Vorneweg: Nein, der frauenverachtende Influencer Andrew Tate identifiziert sich nicht als Frau und ist auch nicht trans. Der wegen sexueller Gewalt und Menschenhandels angeklagte Tate hatte kürzlich ein Bild von sich in eng anliegender und knapper Badehose geteilt. Daraufhin stellten transfeindliche Verschwörungsideologen auf Facebook die Behauptung auf, er sei in Wirklichkeit ein trans Mann. Ähnliche Vorwürfe gibt es gegen Transfeindin J.K. Rowling oder Antisemit Elon Musk. Genau die Leute, die sonst behaupten, auf den ersten Blick erkennen zu können, ob jemand trans sei – wie erst kürzlich bei der Boxerin Imane Khelif – beschuldigen willkürlich cis Männer trans zu sein und umgekehrt. So gaga ist der neue Aluhut-Trend der „Transvestigators“. Die Internet-Geschlechts-Polizei, die alleine darüber bestimmen will, ob du Mann oder Frau bist.
Ein kleiner Schritt von Tate, ein großer Sprung für die Geschlechts-invertierte Menschheit
In den letzten Tagen schaffte es eine Meldung aus den Sphären von den Nische-Verschwörungserzählungen auf Facebook und Twitter in den Mainstream: Andrew Tate sei trans. Alles begann mit diesem Beitrag:
Der Beitragersteller Rob Anderson behauptet, dass alle Personen trans sind, die in der Öffentlichkeit stehen und dass sie Teil der „inverted show“ sind. Damit deutet er den Verschwörungsmythos der „Elite Gender Inversion“ (EGI) an. Dieser basiert auf dem Glauben, dass ein großer Teil der Weltbevölkerung, insbesondere Prominente, heimlich trans und damit Teil einer bösartigen Intrige sind. Dass Tate im Juni 2023 auch noch einen Tweet abgesetzt hatte, in welchem er sarkastisch erklärte, dass er eine Frau ist, war für einige im Thread ein weiterer Beweis für seine heimliche Transidentität. Tate trifft es dabei nicht das erste Mal, bereits im April 2023 tauchte diese Behauptung auf Instagram auf:
Transvestigators: Besessen von fremden Genitalien
Die Personen hinter dieser Verschwörungsideologie nennen sich selbst „Transvestigators“, ein Wortspiel aus trans und Investigator (engl. Für Ermittler). Sie haben es sich zur Aufgabe gemacht, mittels akribischer Betrachtung von Schritt, Hüften, Schädelformen oder Adamsäpfel herauszufinden, welches Geschlecht berühmten Persönlichkeiten bei der Geburt zugewiesen wurde. Im Falle von Andrew Tate sind es die eher schwachen Ausbeulungen in den Badehosen. Aber auch seine Schlüsselbeine, Oberarmknochen und „soften“ Muskeln überzeugen die Transvestigators davon, dass Tate trans sein muss.

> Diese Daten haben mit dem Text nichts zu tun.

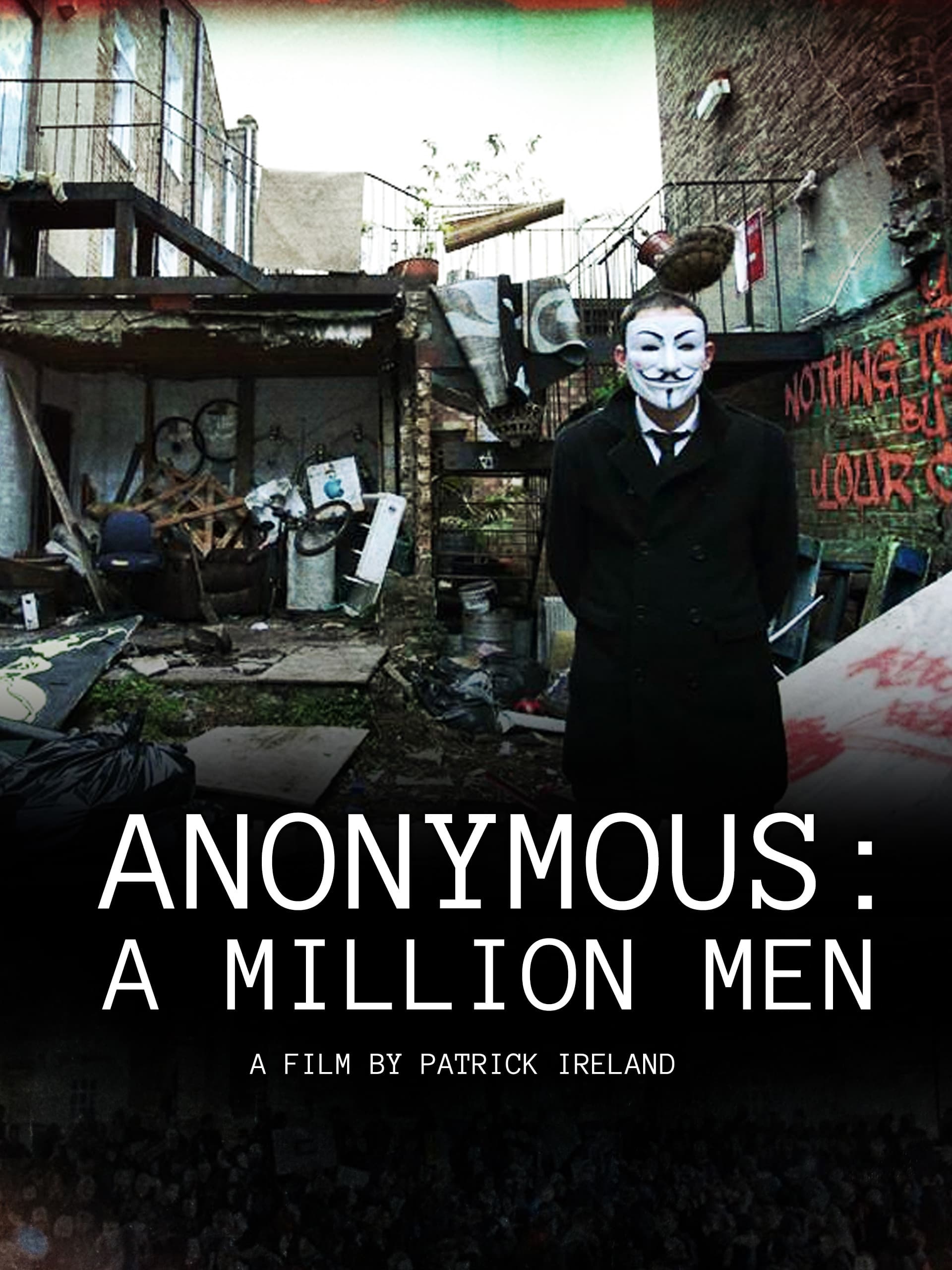 Anonymous: A Million Men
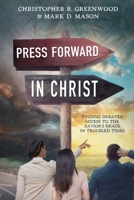 Press Forward in Christ: Finding Greater Access to the Savior's Grace in Troubled Times 1462144683 Book Cover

Dass es ausgerechnet den Macho und Frauenhasser Tate trifft, hat natürlich eine gewisse Komik. Trotzdem ist diese Verschwörungsideologie nicht nur lächerlich, sondern auch gefährlich. Denn meist verfolgt sie eine politische Agenda, die sich gegen trans Personen richtet. Dadurch wird sie vor allem für den rechten Rand sowie das transfeindliche TERF-Spektrum anschlussfähig.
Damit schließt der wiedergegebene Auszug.